The window types used in this study are described below.

3.4.1. Rectangular Window

This means that the window’s values all equal one; Figure 2b.

3.4.2. Hanning Window

The Hanning window is defined as follows, from [37] (9):

$$W_H\left(i\right)=\{\begin{array}{c}0.5\left[1-\cos \left(2\pi \frac{i}{N}\right)\right]\\ 0otherwise\end{array}0\le i=N-1$$

(9)

where $N$ is the length of the window; Figure 2b.

3.4.3. Hamming Window

The Hamming window is defined as follows, from [37] (10):

$$w_{HM}\left(i\right)=\{\begin{array}{c}0.54+0.46\cos \left(2\pi \frac{i}{N}\right)0\le n\le N-1\\ 0otherwise\end{array}$$

(10)

where $N$ is the length of the window; Figure 2b.

3.4.4. Bartlett Window

The Bartlett (triangular) window is defined [37] using (11), Figure 2b:

$$w_b\left(i\right)=\{\begin{array}{c}10\le i\le N-1\\ 0otherwise\end{array}$$

(11)

3.4.5. Blackman Window

The Blackman window is defined [38] by (12):

$$w_{black}\left(i\right)=a_0+a_1+a_2\cos \frac{4\pi i}{N-1}for-\frac{N-1}{2}\le i\le \frac{N-1}{2}$$

(12)

where $N$ is the window length, and $a_0,a_1\mathrm{and}{a}_2$ are constants (13):

$$a_0=\frac{1-\alpha }{2},a_1=\frac{1}{2},a_2=\alpha /2$$

(13)

The $\alpha$ is static, and equals $0.16$; Figure 2c.

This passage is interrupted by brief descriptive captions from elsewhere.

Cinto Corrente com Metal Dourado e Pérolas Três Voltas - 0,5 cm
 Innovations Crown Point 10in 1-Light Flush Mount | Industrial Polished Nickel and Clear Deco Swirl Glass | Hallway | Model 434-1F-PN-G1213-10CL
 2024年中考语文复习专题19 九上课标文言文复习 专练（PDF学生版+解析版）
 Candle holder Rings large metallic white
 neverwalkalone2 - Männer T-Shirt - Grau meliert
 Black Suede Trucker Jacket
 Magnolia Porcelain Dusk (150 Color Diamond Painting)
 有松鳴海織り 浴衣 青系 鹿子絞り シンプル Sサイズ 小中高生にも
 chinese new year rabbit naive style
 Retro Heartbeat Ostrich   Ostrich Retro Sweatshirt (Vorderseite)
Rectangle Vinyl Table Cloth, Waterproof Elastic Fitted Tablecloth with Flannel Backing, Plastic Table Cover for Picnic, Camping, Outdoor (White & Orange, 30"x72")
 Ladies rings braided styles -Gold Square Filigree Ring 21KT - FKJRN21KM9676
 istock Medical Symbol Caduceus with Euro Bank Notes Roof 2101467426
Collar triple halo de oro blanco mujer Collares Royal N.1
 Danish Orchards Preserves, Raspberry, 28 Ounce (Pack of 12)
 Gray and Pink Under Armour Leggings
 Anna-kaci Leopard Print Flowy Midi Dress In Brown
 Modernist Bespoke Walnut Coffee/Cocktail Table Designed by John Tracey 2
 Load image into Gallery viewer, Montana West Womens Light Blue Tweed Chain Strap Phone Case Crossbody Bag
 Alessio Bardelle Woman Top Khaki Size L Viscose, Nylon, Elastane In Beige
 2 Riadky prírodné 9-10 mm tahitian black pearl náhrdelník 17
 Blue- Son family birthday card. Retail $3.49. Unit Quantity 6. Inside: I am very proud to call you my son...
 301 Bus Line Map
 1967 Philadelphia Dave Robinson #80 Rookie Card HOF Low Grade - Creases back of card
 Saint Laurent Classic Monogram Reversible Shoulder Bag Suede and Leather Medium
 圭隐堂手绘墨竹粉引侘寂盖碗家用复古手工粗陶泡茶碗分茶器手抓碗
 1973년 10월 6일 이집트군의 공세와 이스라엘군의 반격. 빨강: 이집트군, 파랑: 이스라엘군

3.5. Direct Spectral Filter

In this approach, a time series is smoothed by employing a Fourier Transformation. The essential frequencies remain, and others are removed. It operates similarly to multiplying the frequency domain by a rectangular window. In other words, it is a circular convolution generated by transforming the window in the time domain; Figure 2c.

3.6. Polynomial

This approach uses weighted linear regression on an ad-hoc expansion basis to smooth the time series. It is a generalization of the Finite Impulse Response (FIR) filter that can better preserve the desired signal’s higher frequency content without removing as much noise as the average [39]. The first derivative of the polynomial evaluated at the midpoint of the N-interval is generated by multiplying the position data $E{s}_i$ by coefficients and adding these multiplications, as shown in (14) [6]:

$$S{m}_{\left(N+1\right)/2}={\displaystyle \sum }_{i=1}^N{W}_{i}E{s}_i\left(N=\mathrm{number}\mathrm{of}\mathrm{data}\mathrm{points}\left(\mathrm{odd}\right)\right)$$

(14)

where $W_i$ are the weights (coefficients) of the polynomial fit of degree $p$. The weights depend on the degree $p,$ and the number of points, N, used in the fit; Figure 2c is an example.

3.7. Spline

This approach employs Spline functions to eliminate the noise from the data. It works by estimating the optimum amount of smoothing required for the data. Three types of spline smoothing were used in this study: ‘linear’ (Figure 2c), ‘cubic’ (Figure 2d), and ‘natural cubic’ (Figure 2d). The details of this approach are provided in [7,8].

3.8. Binner

This approach applies linear regression on an ad-hoc expansion basis within a time series. The features created by this method are obtained via binning the input space into intervals. An indicator feature is designed for each bin, indicating into which bin a given observation falls. The input space consists of a single continuous increasing sequence in the time series domain [40]; an illustration is shown in Figure 2d.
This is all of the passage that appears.